■ WHAT NEEDS TO BE DONE ■
Print the records below exactly, from the line containing "Well, look at" down to the line containing "First things first, we", both lines included, and omit every picture.
-- ENTRIES PROVIDED follows --
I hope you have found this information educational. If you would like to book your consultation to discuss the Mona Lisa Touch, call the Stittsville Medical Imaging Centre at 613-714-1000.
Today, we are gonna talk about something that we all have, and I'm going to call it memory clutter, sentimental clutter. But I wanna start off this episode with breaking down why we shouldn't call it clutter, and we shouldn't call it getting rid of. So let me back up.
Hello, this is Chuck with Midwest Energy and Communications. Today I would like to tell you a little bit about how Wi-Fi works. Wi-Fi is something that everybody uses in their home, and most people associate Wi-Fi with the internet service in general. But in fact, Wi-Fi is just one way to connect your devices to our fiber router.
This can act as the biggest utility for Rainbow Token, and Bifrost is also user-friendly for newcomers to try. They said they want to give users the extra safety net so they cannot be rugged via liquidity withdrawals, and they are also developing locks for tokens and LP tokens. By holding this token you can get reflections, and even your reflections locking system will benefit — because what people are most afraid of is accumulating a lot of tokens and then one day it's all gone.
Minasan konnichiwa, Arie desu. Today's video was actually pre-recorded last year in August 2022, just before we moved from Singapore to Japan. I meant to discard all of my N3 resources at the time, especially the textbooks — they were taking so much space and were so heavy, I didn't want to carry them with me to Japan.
-- ENTRIES PROVIDED concluded --
-- ENTRIES PROVIDED follows --
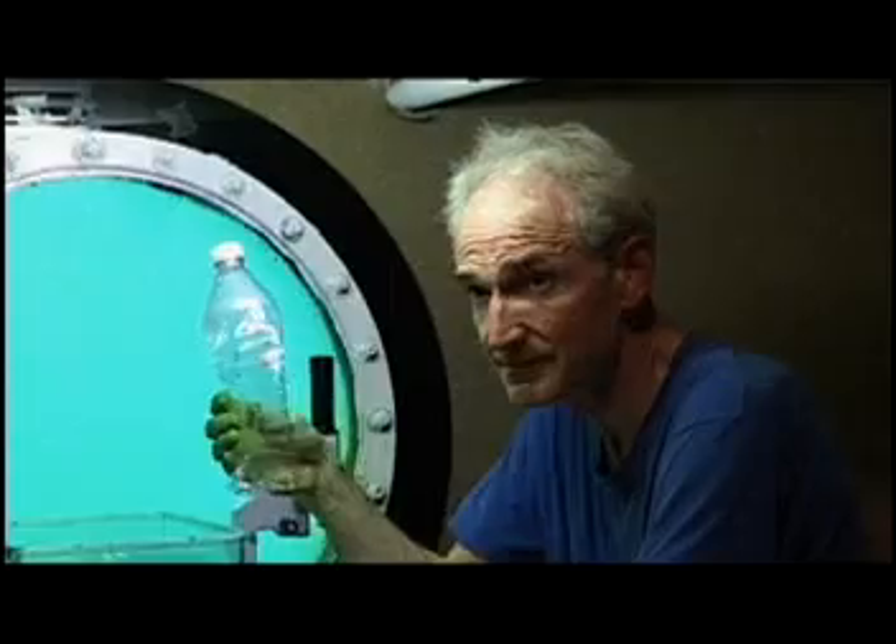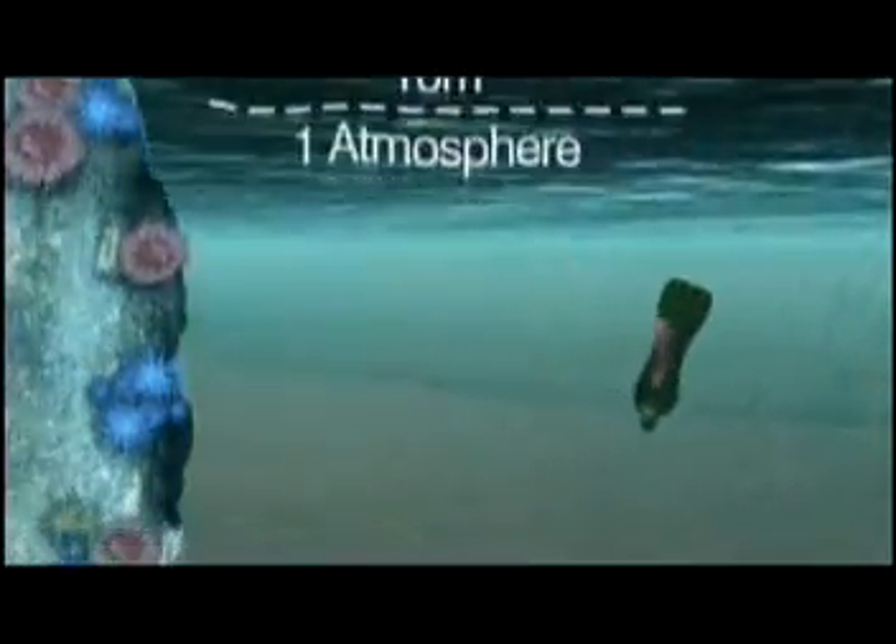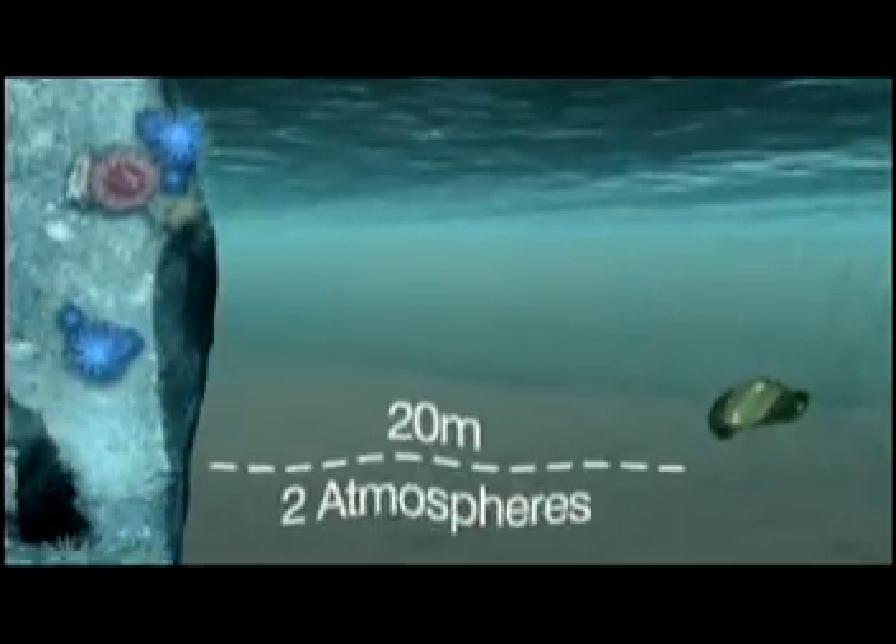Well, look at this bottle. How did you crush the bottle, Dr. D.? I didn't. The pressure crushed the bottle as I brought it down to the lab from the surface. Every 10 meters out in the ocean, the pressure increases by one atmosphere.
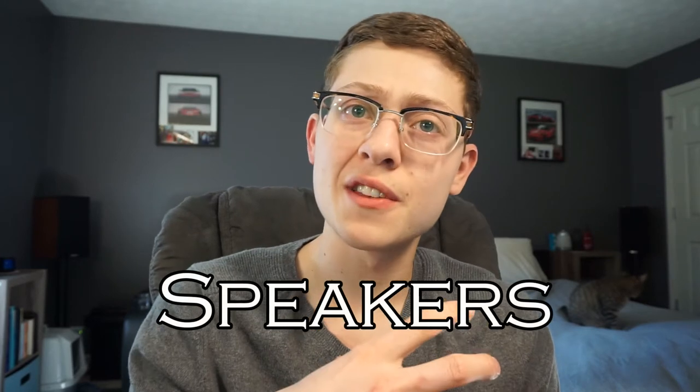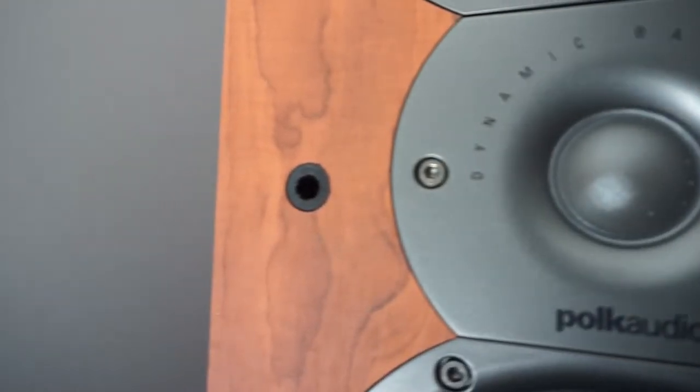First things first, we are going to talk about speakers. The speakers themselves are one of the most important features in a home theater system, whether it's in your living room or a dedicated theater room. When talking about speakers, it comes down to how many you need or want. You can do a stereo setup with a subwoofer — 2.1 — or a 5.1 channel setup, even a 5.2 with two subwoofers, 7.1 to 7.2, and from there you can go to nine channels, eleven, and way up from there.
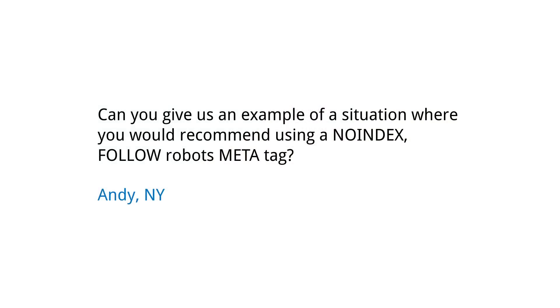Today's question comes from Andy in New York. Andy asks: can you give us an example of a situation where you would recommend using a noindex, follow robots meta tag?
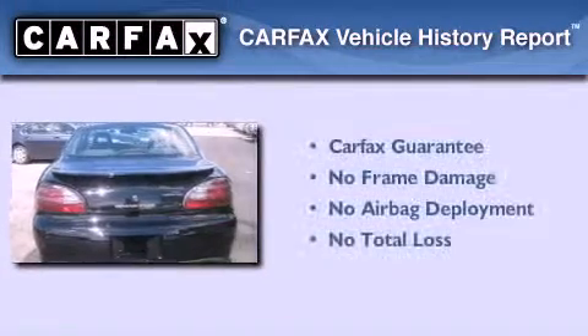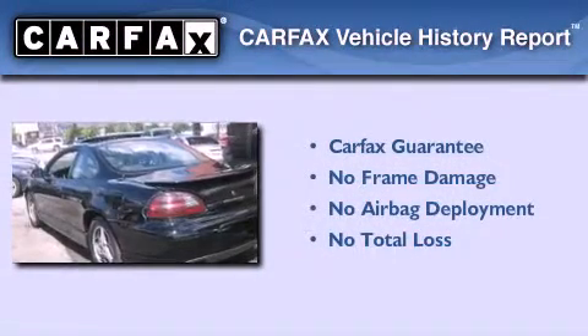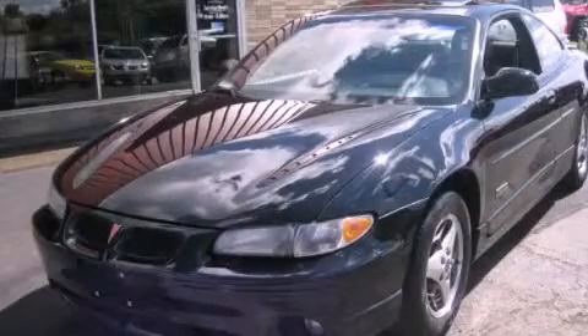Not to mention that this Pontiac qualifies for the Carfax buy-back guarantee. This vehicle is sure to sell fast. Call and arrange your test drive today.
-- ENTRIES PROVIDED concluded --
-- ENTRIES PROVIDED follows --
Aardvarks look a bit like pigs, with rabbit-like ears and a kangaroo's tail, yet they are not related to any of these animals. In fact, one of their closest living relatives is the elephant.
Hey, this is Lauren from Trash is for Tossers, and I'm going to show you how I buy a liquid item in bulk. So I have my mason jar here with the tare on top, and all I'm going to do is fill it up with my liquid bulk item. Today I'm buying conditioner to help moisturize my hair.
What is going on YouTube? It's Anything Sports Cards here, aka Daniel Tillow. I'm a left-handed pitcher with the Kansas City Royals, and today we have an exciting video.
-- ENTRIES PROVIDED concluded --
■ ANSWER TO THE PROBLEM ■
Well, look at this bottle. How did you crush the bottle, Dr. D.? I didn't. The pressure crushed the bottle as I brought it down to the lab from the surface. Every 10 meters out in the ocean, the pressure increases by one atmosphere.
First things first, we are going to talk about speakers. The speakers themselves are one of the most important features in a home theater system, whether it's in your living room or a dedicated theater room. When talking about speakers, it comes down to how many you need or want. You can do a stereo setup with a subwoofer — 2.1 — or a 5.1 channel setup, even a 5.2 with two subwoofers, 7.1 to 7.2, and from there you can go to nine channels, eleven, and way up from there.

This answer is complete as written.